Carbon Capture and Storage:

What are the Big Issues and Opportunities

for the Petroleum Industry?

John G. Kaldi

University of Adelaide

Abstract:

Carbon Capture and Storage (CCS) can make significant cuts in Greenhouse Gas emissions, and will need to be part of the development of future energy resources worldwide. CCS technology comprises a number of steps: 1) CO2 is captured at the source (eg a power plant or gas production facility); 2) the captured CO2 is compressed to a supercritical state and transported, typically via pipeline, from the source to the geologic storage site; 3) the CO2 is injected via conventional wells into the geologic reservoir; and, 4) the CO2 is stored (trapped) in the geologic reservoir, where its movement is carefully monitored and the quantity stored is regularly verified.

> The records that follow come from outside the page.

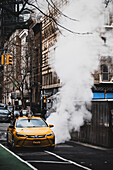 New York, United States - 24 December 2023: View of a vivid yellow taxi contrasts against the gritty urban backdrop, steam billowing into the cold air near historic buildings.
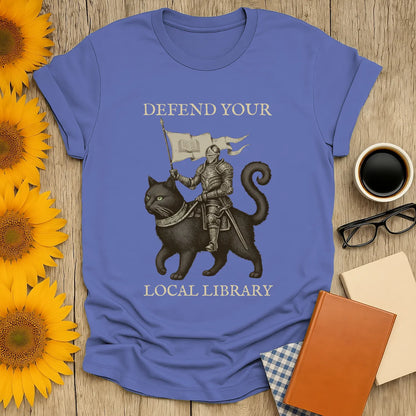Library Defender T-Shirt featuring a knight on a cat with the text "Defend Your Local Library"—perfect for book lovers.
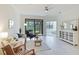 Bright living room featuring a comfortable sofa, stylish decor, and a seamless transition to the lanai at 12651 Garibaldi Ln, Venice, FL 34293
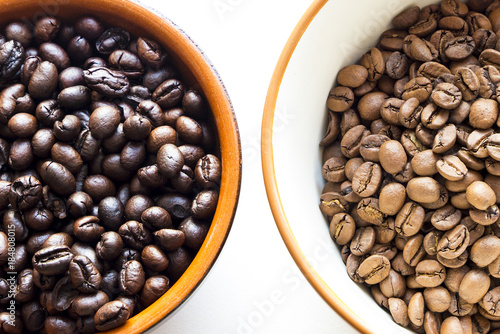 two different types of coffee beans with different roast in cups on a white background
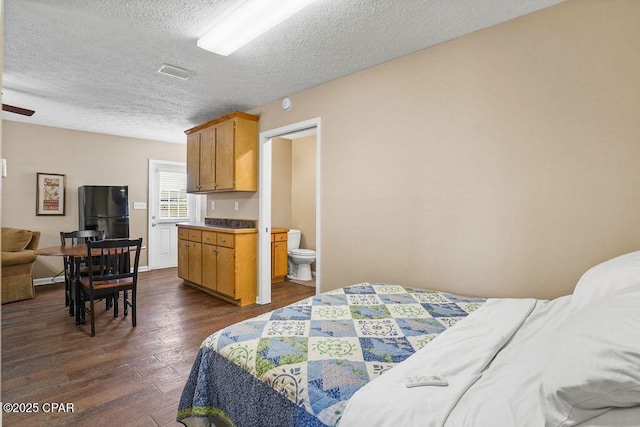 bedroom with dark wood-style floors, freestanding refrigerator, visible vents, and a textured ceiling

Depleted oil and gas fields, which generally have proven geologic traps, reservoirs and seals, are ideal sites for storage of injected CO2. However, storage in saline aquifers, which rely on other trapping mechanisms such as solubility, residual and mineral trapping may be volumetrically more significant trapping mechanisms worldwide. Monitoring the behaviour of the stored CO2 includes both direct and remote technologies that can be deployed on the surface and in boreholes. These technologies record properties such as pressure, temperature, resistivity and sonic responses in both injection and observation wells. Other monitoring involves time-lapse seismic, microseismic, petrophysical and geochemical sampling, including tracer and isotope analysis. Systematic risk assessment for all storage sites considers both the engineered and natural systems. The engineered systems consist of the wells, the plant and the gathering line; the natural system includes the geology of the reservoir, the overlying and underlying sealing formations, faults and the groundwater flow regimes. CCS will undoubtedly provide entirely new challenges to the way we evaluate and monetize our future energy resources. Can these challenges be turned into opportunities? Successful deployment of CCS will require top quality science, specific infrastructure, appropriate regulations, clarity on liability issues and acceptance by the community. Organisations and individuals suitably skilled in these aspects stand to benefit tremendously from CCS.

Biography:

John Kaldi is the Chief Scientist for the Cooperative Research Centre for Greenhouse Gas Technologies (CO2CRC), and Professor and Chair of Geosequestration at the University of Adelaide. John was the inaugural Head of the Australian School of Petroleum (ASP) and Director of the National Centre for Petroleum Geology and Geophysics (NCPGG) at University of Adelaide. Prior to academia, John spent 18 years in the Petroleum Industry in both technical and managerial roles with Shell, Arco and Vico. He has received Distinguished Service, Honorary member and Special Commendation awards from AAPG and has been an AAPG and PESA Distinguished Lecturer. He serves on the SPE committee for CCS and provides continuing education  courses on Carbon Capture & Storage, Reservoir and Seal Evaluation, and Capillary Pressure Principles.  He has been the author and presenter of over 150 journal articles and technical conference papers.